Multicolor Competition Assay (MCA) Used to Study DNA Damage Sensitivity

To efficiently study DNA damage sensitivity of cells with a variety of genetic perturbations, a simple competition assay was developed that proved both quantitative and fast (refer to FIG. 1B, which schmatically illustrates the multi-color competition assay (MCA)—here, the knockdown of a protein of interest caused the gfp cells to become DNA damage sensitive without influencing their proliferative capacity in the absence of damage.

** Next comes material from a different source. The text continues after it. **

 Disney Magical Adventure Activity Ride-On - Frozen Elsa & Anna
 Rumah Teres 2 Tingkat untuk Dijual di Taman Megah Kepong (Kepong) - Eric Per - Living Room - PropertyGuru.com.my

The relative resistance to damage of the si-treated cells was 40% of the non-si treated cells). Two populations of U20S (osteosarcoma) cells differing only in their color were created by expression of red fluorescent protein (RFP) or green fluorescent protein (GFP). siRNA depletion of the protein of interest was carried out in the green cells while the red cells were transfected with control siRNA. Equal numbers of green and red cells were mixed, left untreated or treated with gamma-irradiation or mitomycin C (MMC). After 7 days, cells were harvested and a ratio of red to green cells was determined using flow cytometry. The green to red ratio in untreated cells acted as a control for the relative cell growth. The assay was validated using siRNAs targeting ATM (IR-sensitivity) and ATR (MMC- and IR-sensitivity; refer to FIGS. 1C and 8.
FIG. 1C presents the results of MCA analysis in U2OS cells treated with siRNAs against ATM and ATR and three different siRNAs against FANCI, while FIG. 8 shows raw data from the multicolor competition assay performed with cells that were depleted of ATM or ATR).
MCA was applied to study a subset of ATM and ATR substrates (Matsuoka et al., submitted). Cells treated with a combination of three siRNAs against one of the tested proteins, FANCI (KIAA1794 a.k.a. FLJ10719), demonstrated 60% survival after 70 nM MMC treatment and 91% of survival after 3 Gy IR treatment relative to control siRNA transfected cells (data not shown). To exclude off target effects, three siRNAs were tested independently. Two of three siRNAs reproduced the phenotype of MMC-sensitivity with only a slight effect on the IR sensitivity (refer to FIG. 1C). This decreased survival was due to a DNA repair defect, as metaphase spreads of primary fibroblasts transfected with FANCI siRNA and treated with MMC revealed frequent cytogenetic abnormalities including chromatid and chromosome breaks as well as radial forms (refer to FIG. 1D, which displays cytogenetic abnormalities in IMR90 cells transfected with siRNA against KIAA1794 or LacZ control and treated with 0.5, or 7.5 ng MMC per ml; an asterisk in FIG. 1D indicates a statistically significant difference in means as calculated by the t-test; the experiment with 7.5 ng MMC per ml was performed once), hallmarks of Fanconi anemia.

Example 4

FANCI was Identified as Homologous to FANCD2 BLAST analysis with FANCI revealed high conservation among eukaryotes from human to Dictyostelium but not yeasts and limited conservation to a predicted partial S. purpuratus sequence similar to FANCD2 (refer to FIG. 2A, showing a BLAST alignment identifying human KIAA1794 conservation with a portion of the Strongylocentrotus purpuratus (S.p.) ortholog of FANCD2. A star in FIG. 2A indicates the lysine corresponding to K561 in FANCD2). The homology region extended over 151 amino acids with 19% identity, 45% similarity. The coding region of FANCI was amplified from a human lymphocyte cDNA library (Elledge et al. (1991) Proc Natl Acad Sci USA 88: 1731-1735) and recovered an open reading frame of 3984 nucleotides, coding for a 1328 AA protein of a calculated molecular weight 150 kDa. This cDNA corresponded to a putative splice variant isoform 3 of the KLAA1794 (Q9NVI1) locus on chromosome 15q25-q26.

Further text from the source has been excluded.